In certain situations, PRO instruments can be used to capture safety data, especially when it is deemed important to elicit the information from the patient perspective. In cancer trials, there have been ongoing efforts to streamline and harmonize the collection of safety data as a central PRO concept. This includes the concept proposed the FDA Office of Hematology and Oncology Products (OHOP) (Kluetz et al. 2016), and the National Cancer Institutes Patient-Reported Outcomes version of the Common Terminology Criteria for Adverse Events (PRO-CTCAE). The latter is especially considered a useful tool to standardize the assessment of symptomatic AEs from the patient perspective (NIH NCI 2019).
PROs have attracted considerable attention from regulatory agencies, payers, and pharmaceutical companies. Traditional clinical trials, which rely upon observer-reported outcomes, often fail to take into account the patients’ perspective and experience. As patients get more involved in clinical trials and in their own healthcare, they will seek to have greater voice and greater access to data from other patients on trials to make informed decisions about their treatment. Thus, collecting reliable data that reflect the patients’ perspectives is a critical component of drug development.

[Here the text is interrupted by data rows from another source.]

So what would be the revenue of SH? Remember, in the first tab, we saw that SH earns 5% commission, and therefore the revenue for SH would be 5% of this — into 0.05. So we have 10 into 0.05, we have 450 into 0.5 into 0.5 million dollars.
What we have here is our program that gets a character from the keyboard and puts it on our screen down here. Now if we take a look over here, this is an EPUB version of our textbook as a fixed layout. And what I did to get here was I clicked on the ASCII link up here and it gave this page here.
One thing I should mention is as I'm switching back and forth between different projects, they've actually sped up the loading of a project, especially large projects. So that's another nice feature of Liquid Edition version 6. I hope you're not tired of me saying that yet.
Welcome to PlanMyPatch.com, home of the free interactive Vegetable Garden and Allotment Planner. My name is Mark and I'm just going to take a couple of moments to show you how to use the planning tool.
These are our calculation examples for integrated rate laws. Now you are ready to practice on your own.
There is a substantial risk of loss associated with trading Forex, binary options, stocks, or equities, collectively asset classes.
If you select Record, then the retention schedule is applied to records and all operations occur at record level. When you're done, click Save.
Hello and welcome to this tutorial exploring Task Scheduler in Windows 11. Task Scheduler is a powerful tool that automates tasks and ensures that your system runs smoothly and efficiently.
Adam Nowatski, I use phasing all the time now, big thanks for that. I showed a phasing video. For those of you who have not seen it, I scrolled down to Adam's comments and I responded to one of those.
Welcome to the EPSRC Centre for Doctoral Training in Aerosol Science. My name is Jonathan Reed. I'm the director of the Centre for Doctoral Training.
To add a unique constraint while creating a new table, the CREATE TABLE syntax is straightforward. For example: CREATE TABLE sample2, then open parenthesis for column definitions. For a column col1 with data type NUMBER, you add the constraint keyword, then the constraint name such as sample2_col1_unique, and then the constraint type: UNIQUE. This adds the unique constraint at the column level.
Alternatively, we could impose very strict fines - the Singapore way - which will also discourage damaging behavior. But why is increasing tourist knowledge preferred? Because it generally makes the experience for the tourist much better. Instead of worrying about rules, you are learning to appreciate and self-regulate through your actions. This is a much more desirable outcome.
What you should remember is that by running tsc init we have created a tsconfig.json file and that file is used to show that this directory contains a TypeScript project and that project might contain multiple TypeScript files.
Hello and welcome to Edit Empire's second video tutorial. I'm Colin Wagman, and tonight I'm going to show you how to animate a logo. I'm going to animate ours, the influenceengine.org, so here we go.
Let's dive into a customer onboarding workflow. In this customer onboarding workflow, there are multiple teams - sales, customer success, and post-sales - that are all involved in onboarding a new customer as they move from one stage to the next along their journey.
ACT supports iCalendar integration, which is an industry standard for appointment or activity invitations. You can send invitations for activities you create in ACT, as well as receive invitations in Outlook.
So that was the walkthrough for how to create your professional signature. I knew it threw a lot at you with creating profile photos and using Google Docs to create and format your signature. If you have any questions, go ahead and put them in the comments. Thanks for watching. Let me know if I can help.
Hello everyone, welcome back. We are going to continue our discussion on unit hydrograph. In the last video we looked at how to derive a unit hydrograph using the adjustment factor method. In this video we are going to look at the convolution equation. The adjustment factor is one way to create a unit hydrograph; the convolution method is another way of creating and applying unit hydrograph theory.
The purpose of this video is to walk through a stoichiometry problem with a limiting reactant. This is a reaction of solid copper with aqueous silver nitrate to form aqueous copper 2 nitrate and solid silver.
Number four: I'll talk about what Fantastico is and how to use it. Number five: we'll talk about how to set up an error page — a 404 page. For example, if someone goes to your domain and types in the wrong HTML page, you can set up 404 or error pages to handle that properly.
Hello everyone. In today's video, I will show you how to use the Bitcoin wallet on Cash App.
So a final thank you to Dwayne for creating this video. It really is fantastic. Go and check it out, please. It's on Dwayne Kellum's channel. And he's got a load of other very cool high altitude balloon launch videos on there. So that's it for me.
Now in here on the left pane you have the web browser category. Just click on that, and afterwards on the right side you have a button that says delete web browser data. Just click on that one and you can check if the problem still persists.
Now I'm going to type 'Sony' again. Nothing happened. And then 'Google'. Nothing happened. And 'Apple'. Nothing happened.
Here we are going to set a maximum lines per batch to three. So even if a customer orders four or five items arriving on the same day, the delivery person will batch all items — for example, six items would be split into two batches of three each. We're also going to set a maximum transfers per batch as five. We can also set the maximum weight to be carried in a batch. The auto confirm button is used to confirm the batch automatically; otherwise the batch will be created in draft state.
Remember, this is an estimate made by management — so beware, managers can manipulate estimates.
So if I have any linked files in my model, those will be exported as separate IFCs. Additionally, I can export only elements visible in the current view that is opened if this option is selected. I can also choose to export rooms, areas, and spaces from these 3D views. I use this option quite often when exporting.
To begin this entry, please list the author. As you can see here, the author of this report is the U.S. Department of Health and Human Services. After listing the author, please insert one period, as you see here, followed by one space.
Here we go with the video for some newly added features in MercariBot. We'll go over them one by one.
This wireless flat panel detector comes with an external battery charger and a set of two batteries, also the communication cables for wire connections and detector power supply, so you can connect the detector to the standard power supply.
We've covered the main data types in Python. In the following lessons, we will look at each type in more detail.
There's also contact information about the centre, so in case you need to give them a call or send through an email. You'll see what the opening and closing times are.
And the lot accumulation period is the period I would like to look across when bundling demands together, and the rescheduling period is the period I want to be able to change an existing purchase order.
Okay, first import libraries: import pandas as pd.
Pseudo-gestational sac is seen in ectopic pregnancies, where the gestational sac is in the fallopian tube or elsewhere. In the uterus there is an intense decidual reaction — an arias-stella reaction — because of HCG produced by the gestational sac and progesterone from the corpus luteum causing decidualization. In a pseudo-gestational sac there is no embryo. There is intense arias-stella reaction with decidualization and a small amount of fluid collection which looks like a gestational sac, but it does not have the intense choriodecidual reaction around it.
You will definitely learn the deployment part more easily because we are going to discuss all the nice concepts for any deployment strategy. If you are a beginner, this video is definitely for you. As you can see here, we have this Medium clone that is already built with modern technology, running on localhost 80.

From a regulatory perspective, evidence gathered using a well-defined and reliable PRO instrument in appropriately designed trials can be used to support labeling claim. However, development and validation of a PRO instrument requires strict regulatory and psychometric requirements, which involve demonstration of the instrument’s ability to reliably measure the claimed concept in the patient population enrolled in the clinical trial. Another issue of concern, especially in oncology, is the reliability of PRO data from open-label studies. As a consequence, despite the growing focus on the importance of PRO data, there is some variation in the degree to which regulatory agencies view the acceptability of such evidence for label claims. For example, according to a recent study, compared to the US FDA, the EMA tends to be more likely to accept data from open-label studies and broad concepts such as health-related quality of life (Gnanasakthy et al. 2019).
One major barrier that limits the wider use of PROs by healthcare systems in general is the scarcity of best practices in the use of validated instruments, especially when the comparability of data collected from disparate sources is desired. One framework, mentioned earlier, is the Patient-Reported Outcomes Measurement Information System (PROMIS), which aims to enhance and standardize measurement of several selected PROs. While the PROMIS network is growing, and actively developing and validating PROs in several new domains, it is still far from getting acceptance by regulatory agencies.